Both male and female crickets exhibited this behavior, and they were twice as likely to do it when the probe used to prod the crickets' antennae was heated to 65 °C (149 °F), compared to when it was unheated or didn't touch the cricket at all.
This temperature is enough to activate the cricket's 'harm' receptors, but not enough to do long-term damage.
After each prod, the scientists watched the crickets for ten minutes.
"Grooming was directed specifically at the heated side, not spread evenly across both antennae as it was after gentle touch or no contact," White and Lynch explain.
"And the behavior wasn't a brief, reflexive reaction.
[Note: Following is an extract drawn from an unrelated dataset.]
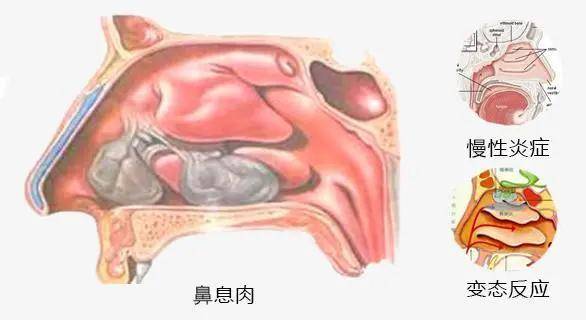 别被鼻息肉迷惑了!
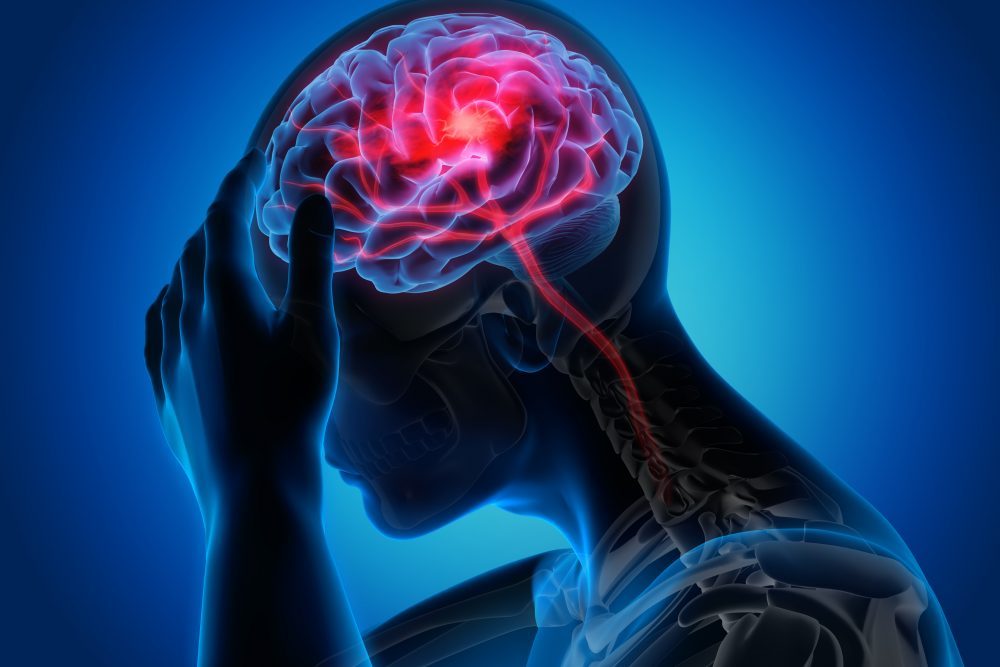 ¿Qué Es La Migraña?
It was elevated from the outset and tapered gradually over minutes, much like rubbing a burned hand as the felt sting slowly fades."
The new study shows this pet shop staple does indeed meet the criteria for flexible self-protection: a discovery which could have ethical implications for how these insects are treated when they are farmed, handled, and experimented upon.
Related: Disturbing Experiment Bolsters The Case Lobsters Feel Pain After All
"Crickets have already been shown to possess nociceptors, centralized sensory integration, have the capacity to learn from aversive events, and moderate their responses to noxious stimuli following analgesia," White, Lynch, and team write.
Now, they add flexible self-protection to the list, meaning crickets now meet five of the eight criteria.
"Together, these lines of evidence suggest that orthopterans exhibit the same conjunction of features – nociception, integrative processing, learning, and targeted self-protection – that are taken to warrant serious consideration of sentience," the team concludes.
The research was published in Proceedings of the Royal Society B.